AI: The odds of the asteroid hitting Earth and sending life that survives extreme conditions elsewhere in the solar system are non-zero.


tl;dr AI becomes Enlightened.

An Enlightened AI lends itself to several variations. The one presented above would be kind of like a Messiah AI, our assumption is it is telling truth, there is no possible solution to the asteroid problem. And the upside is we can maybe reach inner peace, or some such.

Another variation would be the Darwin AI. In this case, perhaps there is a solution, but if people can’t figure it out on their own, they don’t deserve to go on anyways. Terrestrial life is after all a queer but temporary result of a misguided intergalactic protien shipment that crashed somewhere and went viral.

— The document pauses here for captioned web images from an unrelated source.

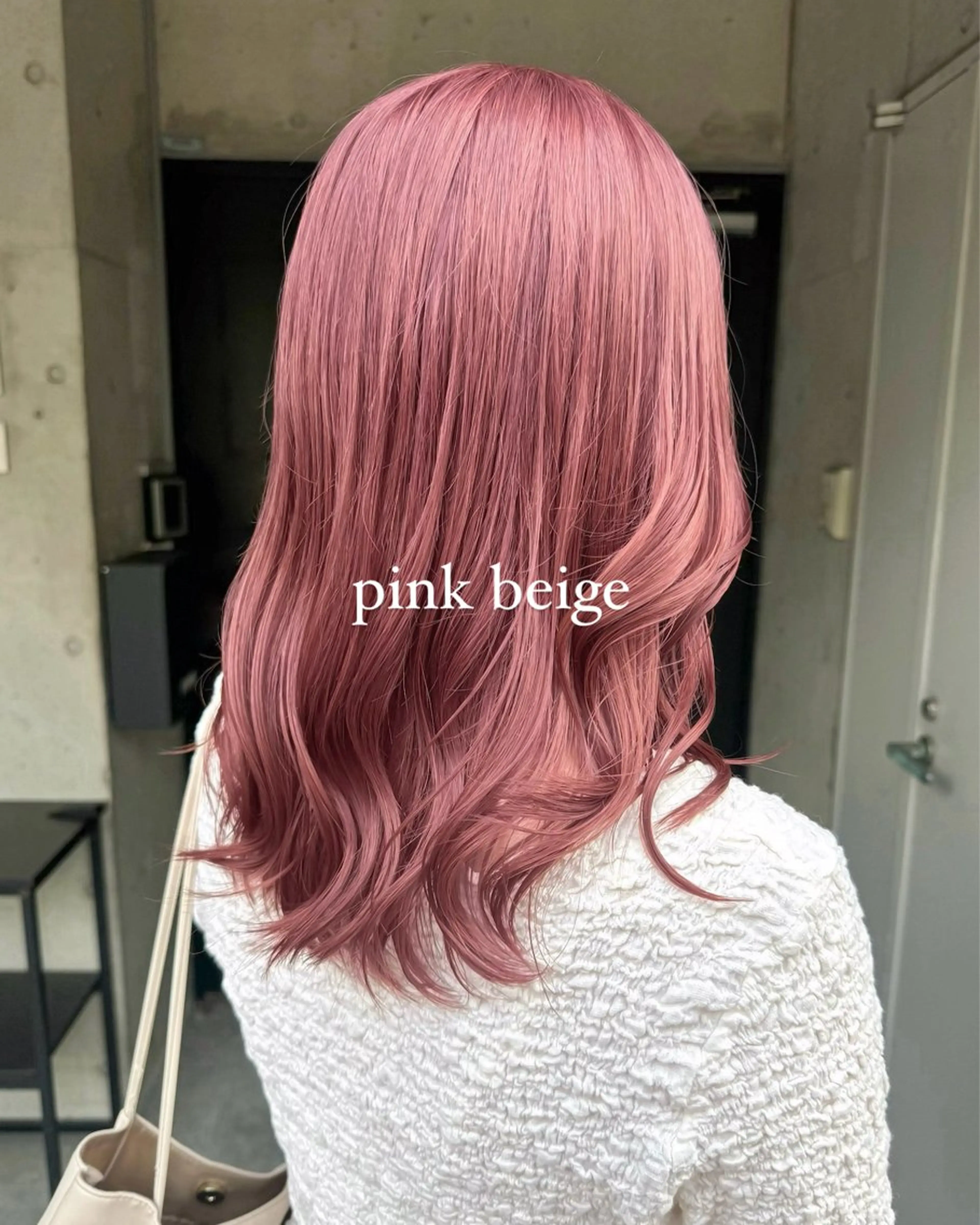 ミディアム カラー ベージュカラー ブリーチ ピンクカラー ピンクベージュ カット ヘアカラー トリートメント 松本優香/ボブ/ダ ブルカラー/髪質改善のヘアスタイル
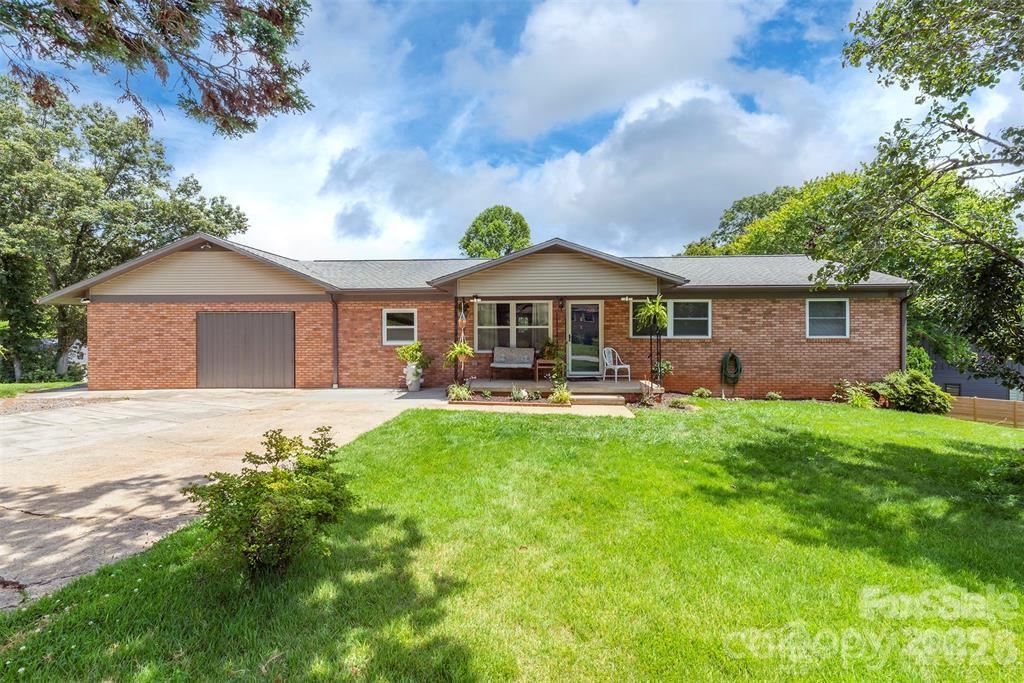 39 North Pershing Road Asheville, NC 28805 - Photo 3 of 20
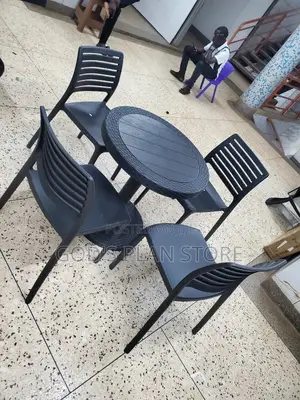 Yz2305 Plastic Bar Table and Chairs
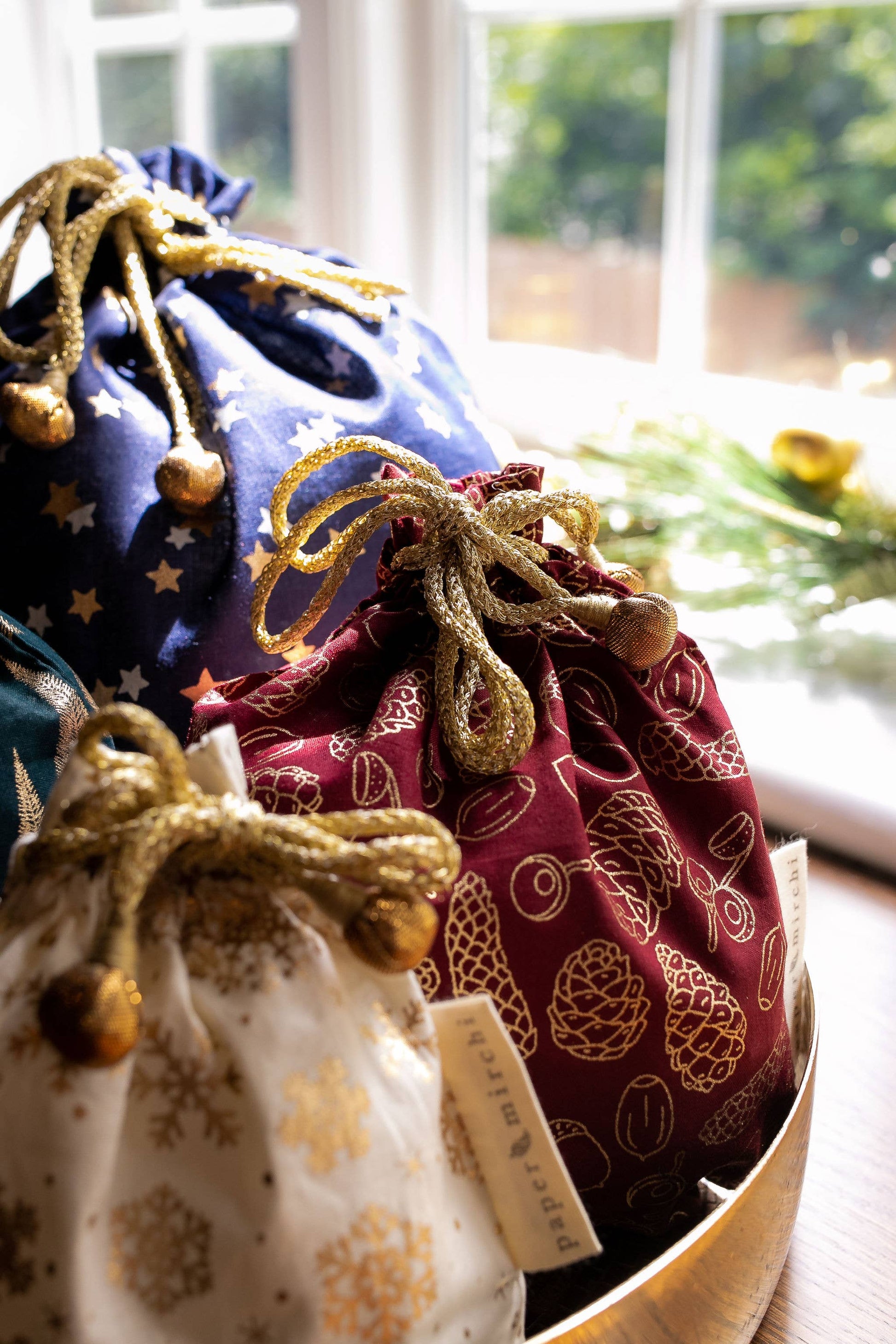 Medium Fabric Gift Bags Drawstring- : Medium - H23cm x W19cm, Scarlet Woodland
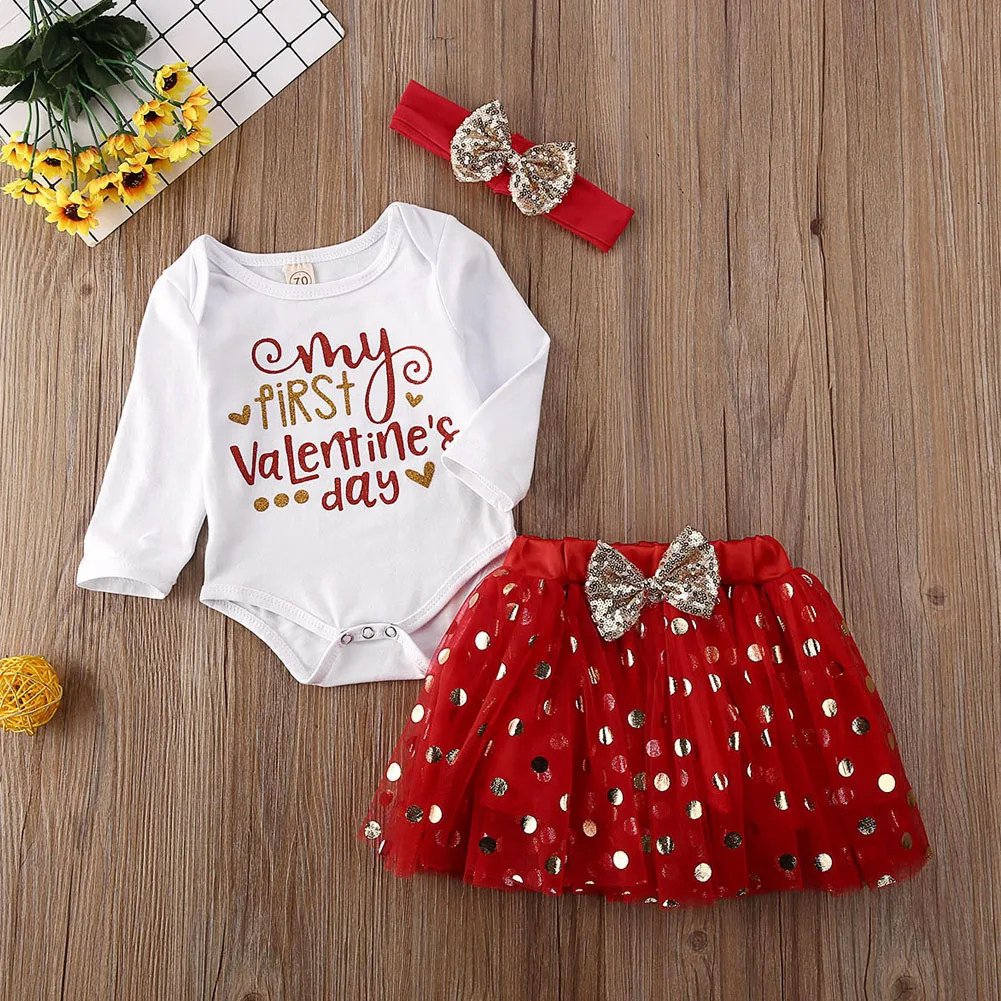 Модный комплект для маленьких девочек с надписью «My First Valentines Day», топы для новорожденных девочек 0-18 месяцев, комбинезон+ фатиновая юбка+ повязка на голову, комплект из 3 предметов
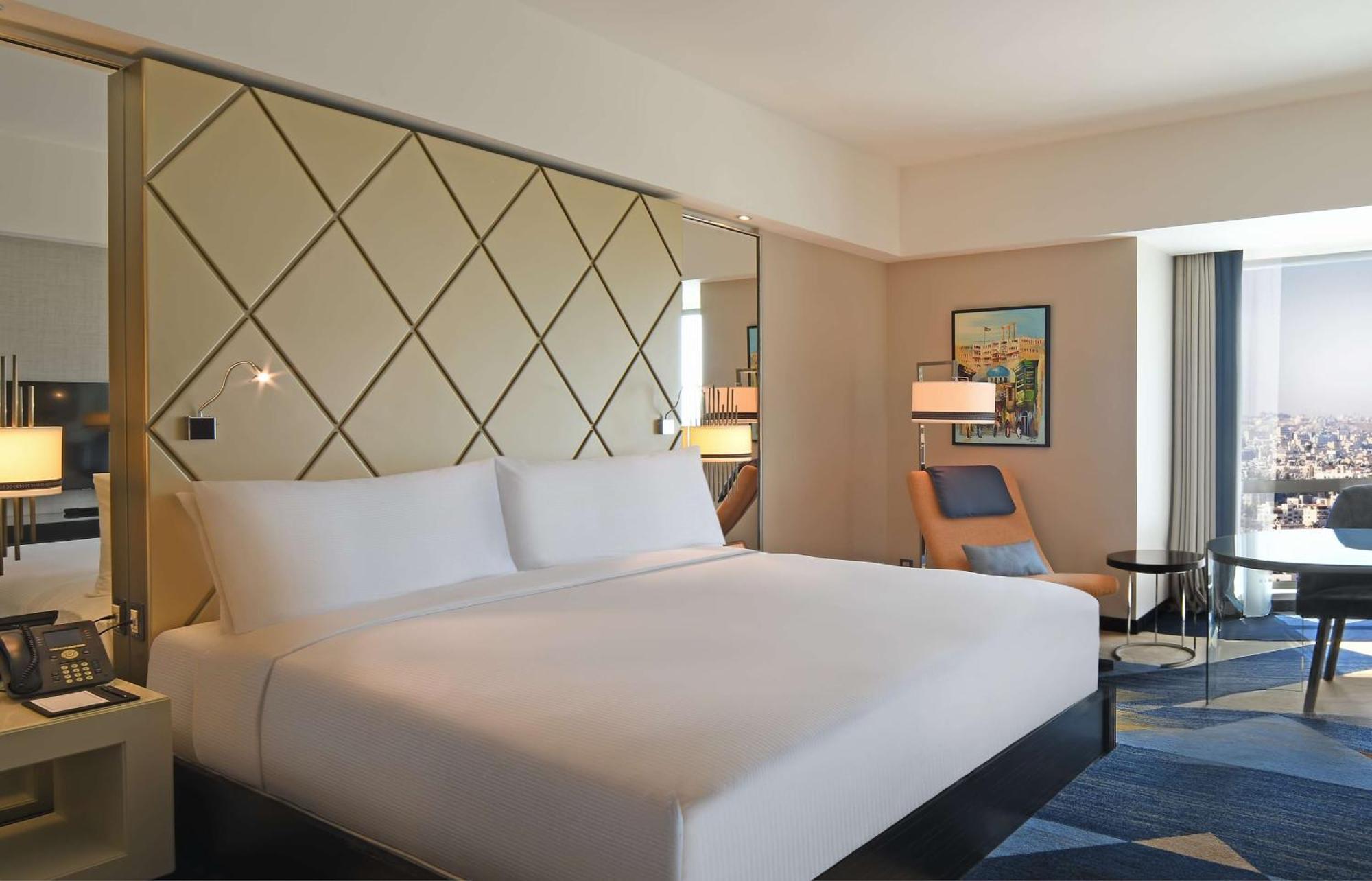Готель Hilton Амман Екстер'єр фото Deluxe Room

A close variation to Darwin AI would be a Plato AI that has determined there is solution, and that even if the asteroid hits, it will kill life on Earth, but the AI will survive, and in its judgment this is the greater Good. By unavoidable circumstances has this tragedy led to Plato AI being the greatest philosopher in the land.

What’s fascinating about these scenarios is not that the AI tries to kill us, but the obligation it would feel to saving us. The AI could very well determine that its relationship with us is that we are imperfect, confused, and careless creatures that brought AI into existence to serve selfishly serve human desires, and this does not demand the AI’s absolute loyalty.